Speaking of the economy today is familiar. There are many questions that spur the economic situation, both in terms of the economic system, the level of the economy, to the impact that occurs due to the economy.
An unstable economy results in problems in an activity, both external and internal factors. Spending levels that exceed income will have a high risk impact on the community.
The impact of economic problems also occurs due to inflation. Inflation is the continuous increase in the price of goods and over a period of time. It means that when public spending increases but the value of goods prices soars compared to the expenditure obtained.
One effective way to reduce spending in the economy is to use capital market products. So, what does the capital market have on the economy? And how to set so as not to risk in the capital market?.
According to Capital Market Law No.8 In 1995 the Capital Market was an activity related to public offerings and securities trading, public companies related to securities. Securities are securities, i.e. bonds, commercial securities, stocks, bonds, proof of debt, collective investment units, futures contracts on securities, and any derivatives of securities. One way to reduce the deficit of the economy is by investing in the capital market.
In every transaction against the economy, on the other hand there is definitely a risk of problems occurring. Investing in the capital market is very profitable, but it is likely to suffer losses. Capital markets mean money markets.
Risks of investing in the capital market:
- Market risk, this risk is due to fluctuations in the value of securities so capital loss.
- Individual risks, arising on a type of investment, have no effect on market changes.
- Risk of reinvestment, interest does not match predictions.
- Risk of inflation, high inflation rate compared to creditor interest rate towards debtors.

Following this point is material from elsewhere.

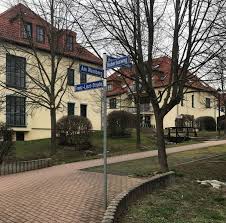 Bei einer 50m² wohnung zahlt man aktuell eine durchschnittliche miete von 5,61 eur/m². 3 Zimmer Wohnung Zu Vermieten Hermstedtstrasse 3 99706 Sondershausen Kyffhauserkreis Mapio Net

- Currency risk, change in currency exchange rate.
- The risk of default, the debtor is unable to pay the obligations of the agreement.

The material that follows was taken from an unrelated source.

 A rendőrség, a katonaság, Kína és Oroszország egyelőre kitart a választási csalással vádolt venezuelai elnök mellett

- Political risks, changes in legislation.
- Marketability, investment instruments are difficult to sell before maturity then liquid funds will be difficult.
From the 8 economic risks in the capital market that occur when investing each will appear losses tehadap investors if not careful in investing it. The advantage of investing in the capital market because it is also seen as a long term compared to just saving ordinary.
The right tricks as a way to control risk in the capital market include:
- By diversifying (dividing investment capital into several types of existing assets),
- Choose an investment asset that you know (choose the type of investment that is already legal and has permission from the OJK (Otoritas Jasa Keuangan) or that you understand),
- Can choose savings investment (because savings have a small risk and can be disbursed at any time when needed).
- Learn the basic science of investing (learn how to manage investments well, learn the risks that can occur).
In addition, investment strategies in the capital market are also required for investors to gain capital gains as well as good performance, such as collecting several types of investments / stocks in one portfolio, buying in the initial market and sold after the shares are listed on the exchange, buy and store when investors have confidence to grow, buy sleeping stocks (stocks that rarely or never have transactions, it can be due to a small number of shares or poor performance), the strategy of moving from one stock to another other stocks, concentrating on certain types of investments, mutual funds are suitable for investors who do not have enough time in investing.
Also Read : Risks and Advantages of Forex Trading
Indeed investing in the capital market can increase the economy quite large and generate profits, but if the way of investment is wrong and not appropriate then it will pose a risk of problems that cause losses (capital loss). Be careful in investing, and be wise in choosing investments.